**INFORMATION PROVIDED**
========================================================================
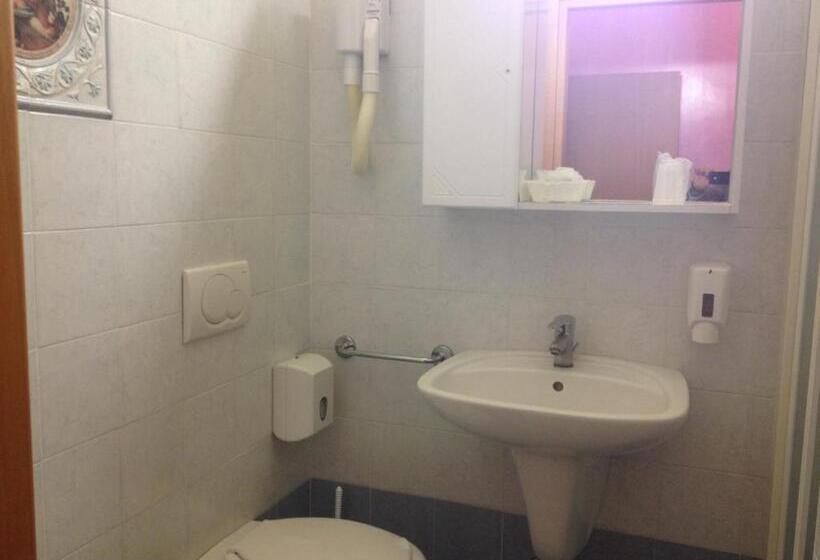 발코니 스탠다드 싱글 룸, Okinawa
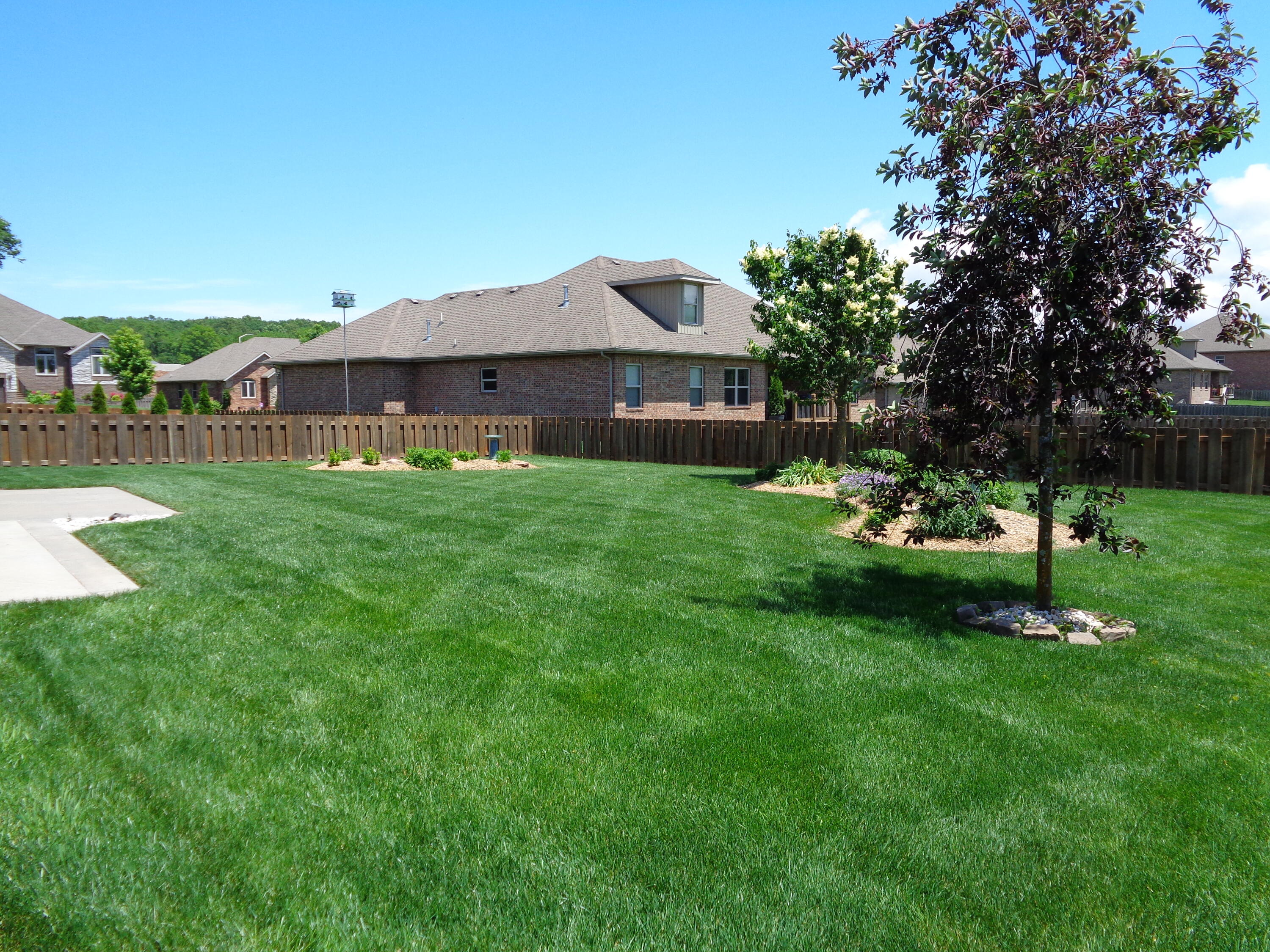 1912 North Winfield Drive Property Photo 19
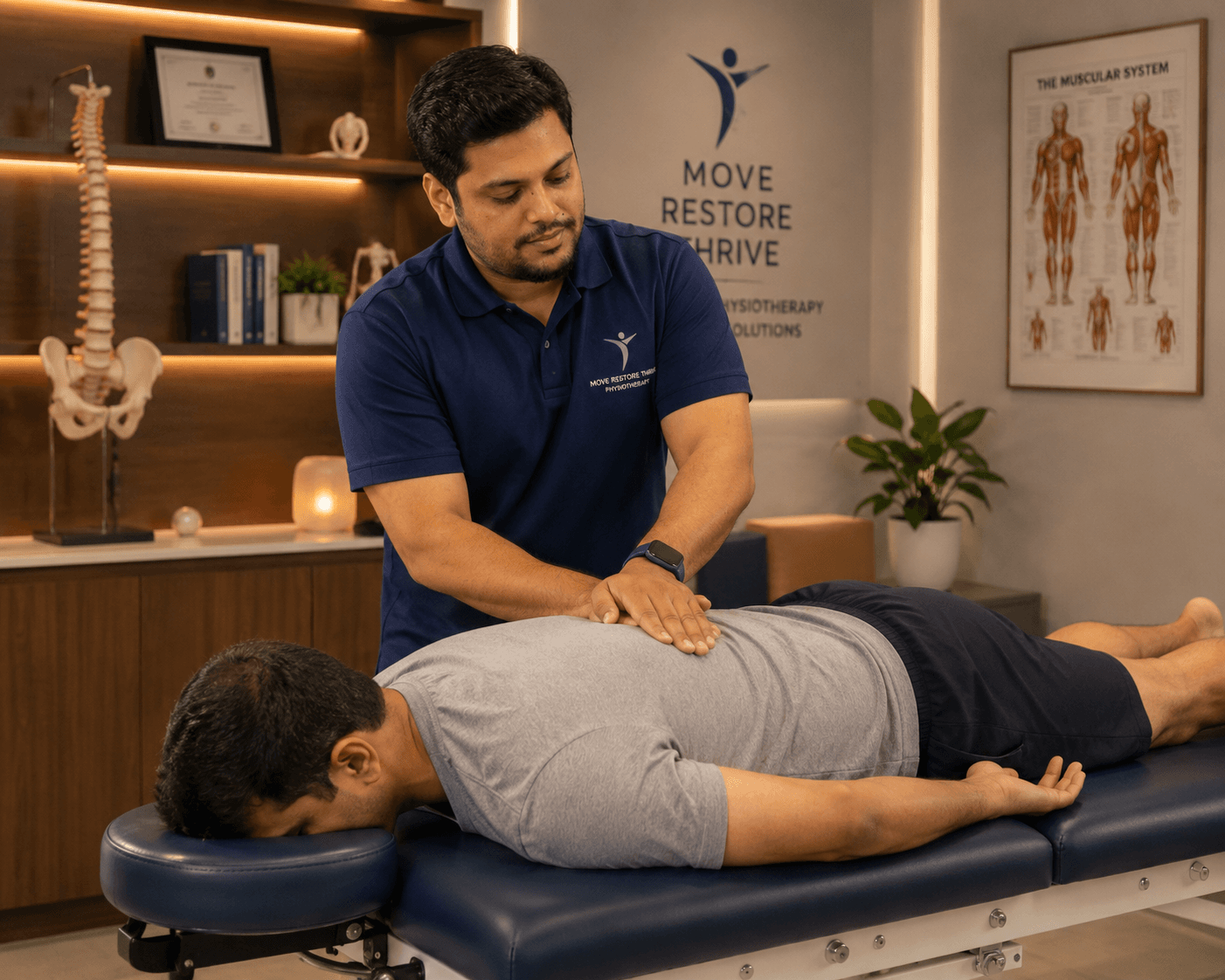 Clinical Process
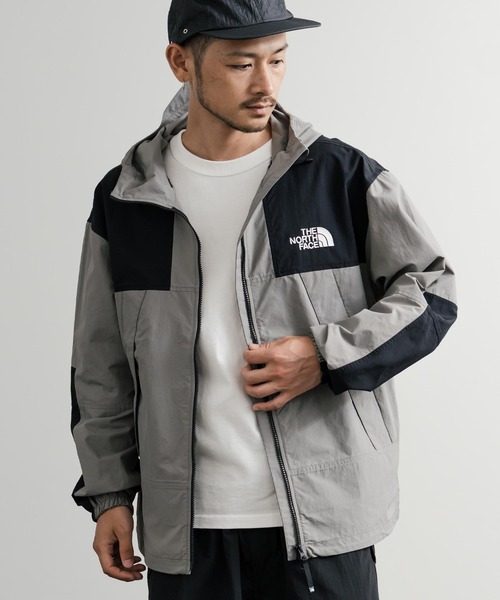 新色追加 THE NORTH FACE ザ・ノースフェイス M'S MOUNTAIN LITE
========================================================================
**BRIEF**
Go through the lines above and write each one out verbatim, skipping the pictures.

**OUTPUT FOR THIS TASK**
 발코니 스탠다드 싱글 룸, Okinawa
 1912 North Winfield Drive Property Photo 19
 Clinical Process
 新色追加 THE NORTH FACE ザ・ノースフェイス M'S MOUNTAIN LITE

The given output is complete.